After fifteen years of ecumenical witness as an Anglican priest active in a Catholic order, the election presented a crossroads. Clearly, the prior must be in full communion with the Catholic Church – and there is no personal Ordinariate established in Italy. Therefore, Dom Peter was brought into full communion and welcomed into the Catholic presbyterate at a quiet liturgy presided by Archbishop Bruno Forte of Chieti-Vasto, “Italy’s most famous theologian”. Forte has been rumored as a possible successor to Cardinal Levada in the CDF, and was one of the first appointees to the Council on the New Evangelization.
Below is a selection of his homily:
My dear Peter!
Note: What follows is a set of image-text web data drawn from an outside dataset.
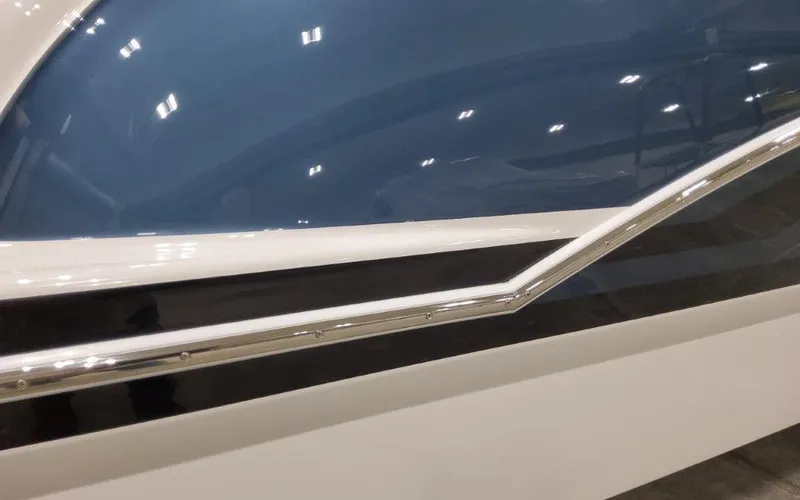 Slide: The Image of 2025 Formula 310 Bowrider I/O boat, sleek blue and white exterior design. - 2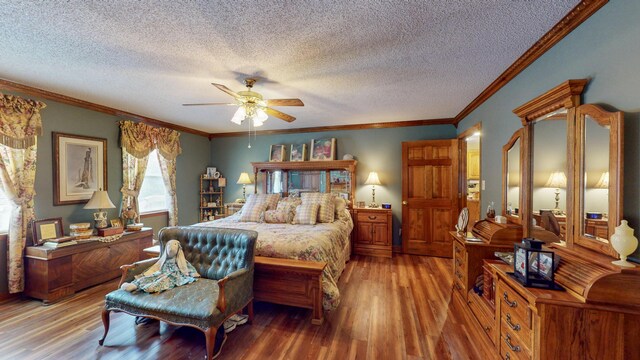 bedroom featuring ceiling fan, hardwood / wood-style floors, a textured ceiling, and ornamental molding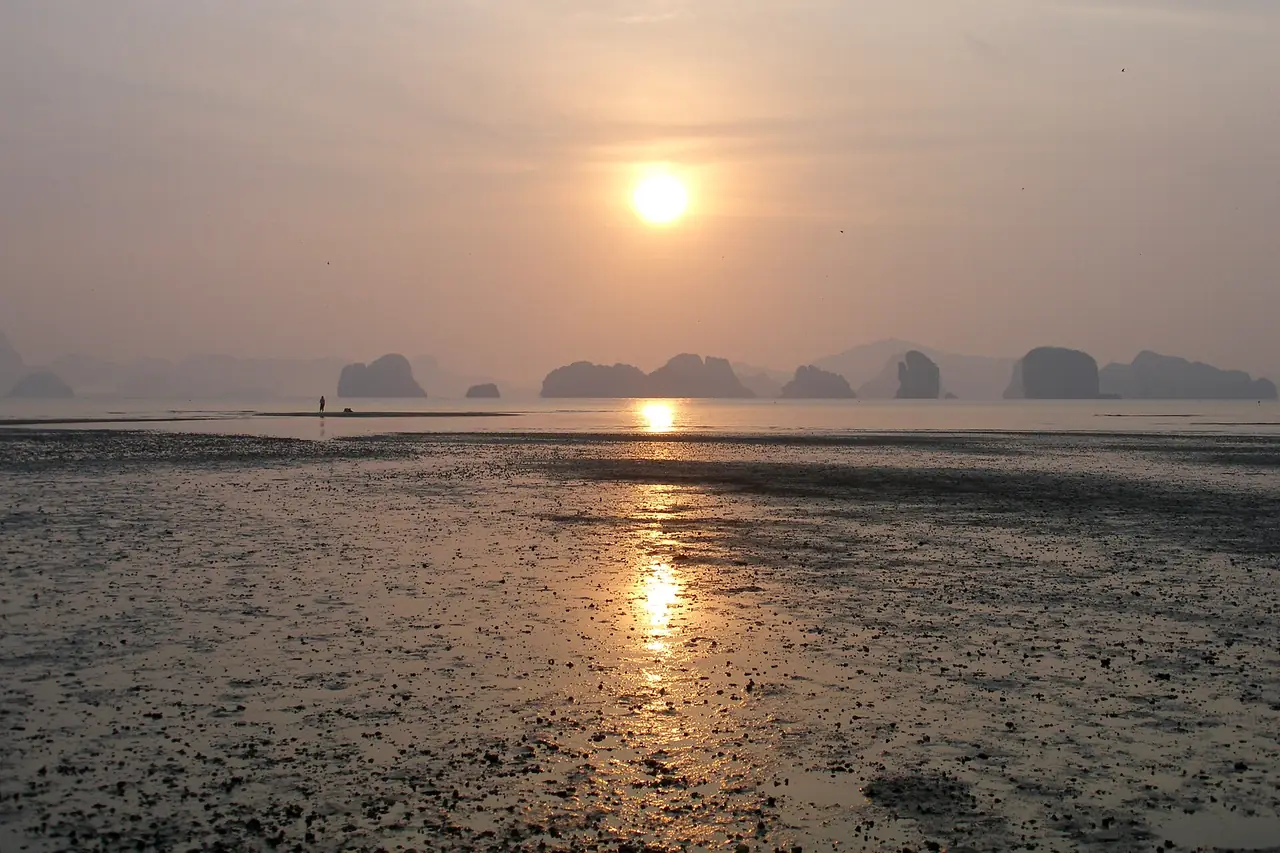 Sunrise over the shore of Koh Yao Noi with the bay's islands on the horizon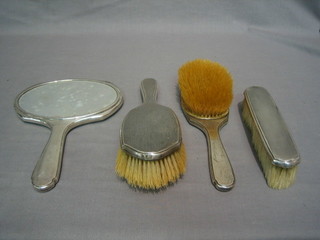 A 4 piece silver backed dressing table set comprising handmirror, clothes brush and a pair of hair brushes, Birmingham 1928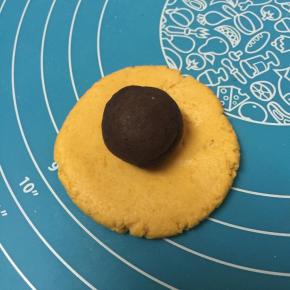 取一份面团按扁，包入称量好的豆沙，捏紧收口。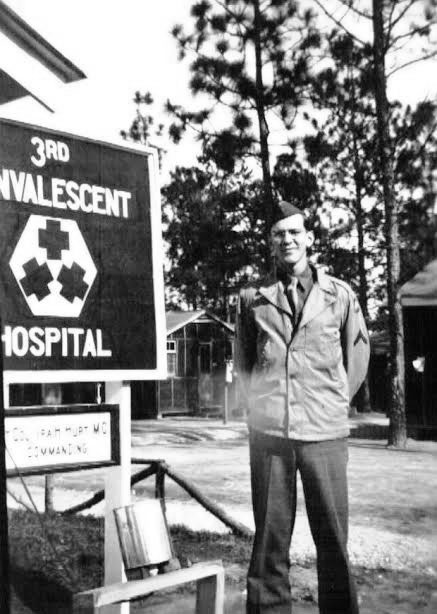 Picture of Private First Class Ralph K. Sellers at Camp Livingston, Alexandria, Louisiana (AGF Training Station and Reception Center where the 3d Convalescent Hospital was stationed, please see signpost). Pfc Sellers entered into active service at Camp Perry, Ohio, 22 September 1942, from where he was most probably transferred to Camp Livingston as a member of the cadre which helped form and increase the newly-activated 4th Convalescent Hospital. Picture taken in 1943.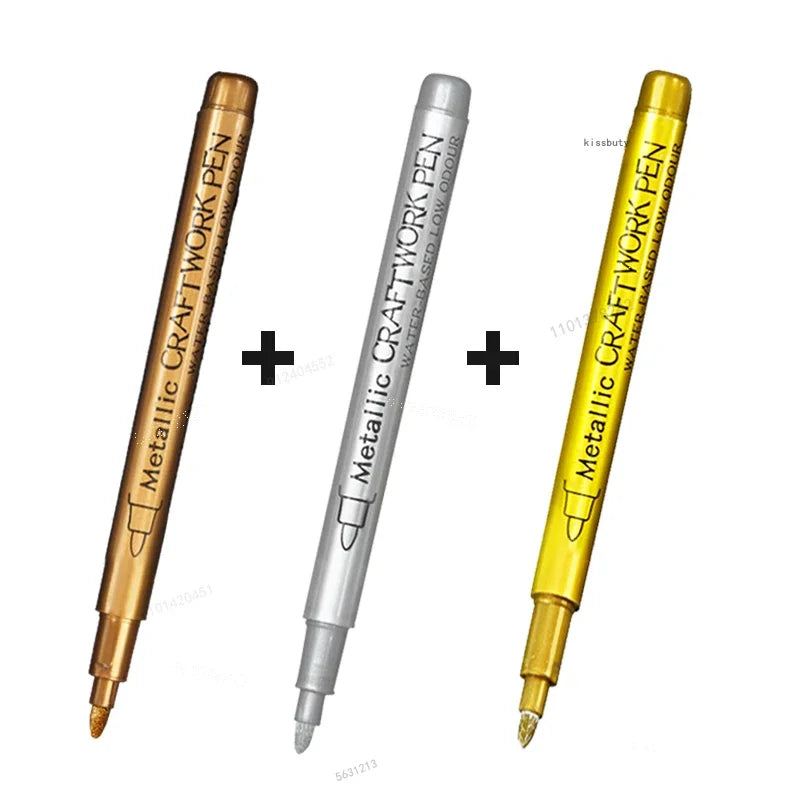 Three metallic brush marker pens in gold, silver, and yellow are displayed side by side.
In order to become a monk in the community at Camaldoli, you were required first to become a member of the Catholic Church. While you understood and accepted this, you felt it paradoxical that, in order to embrace monasticism as a sign of an ecclesial mystery larger than that of each single tradition and of the unity which lies beyond all divisions, a decision was required which seemed to point in the opposite direction. Despite the consequences of disunion, we can nevertheless recognise and celebrate gifts of grace and continuity. Where there was discontinuity because of the non-recognition of your Anglican Orders, the continuity was maintained in your decision to live the monastic life, in the light of the understanding of Camaldoli, as an ecumenical witness, with its goal of full visible unity in faith and sacraments. When you were recently appointed to lead the Camaldoli monastic community in Rome, you were also invited to consider receiving Holy Orders in the Catholic Church.
After much thought and prayer, you have come to see this as a response to a call, an invitation to exercise to the full the service of leadership now asked of you, and an opportunity to offer a fuller witness within the Catholic Church. By giving such a response, you do not deny your origins or identity or the value of your long and fruitful ministry in the Anglican communion, and you do not intend to break this communion. On the contrary, your ordination to-day opens the way for you to continue your service to the unity for which Jesus prayed, liberating it for a fuller realisation within the Catholic Church that has received you as a member and has called you to exercise this ministry. Our sincere wish is that this act today might also be celebrated as expression of this deeper Christian fellowship we already share in Christ, and linked as it is with the monastic witness, may be welcomed as a positive and constructive contribution to the ecumenical journey.
By all accounts of those present, every effort was made to recognize the value of Peter’s entire ministry and his dedication to the community, and there was not a drop of Roman triumphalism, much to the credit of Archbishop Forte and the curial offices involved. One can be received into Catholic orders in a way that does not invalidate the ongoing participation in the priesthood of Christ, that someone such as Dom Peter so clearly exemplifies. We must continue to pray for the day when such steps are no longer necessary.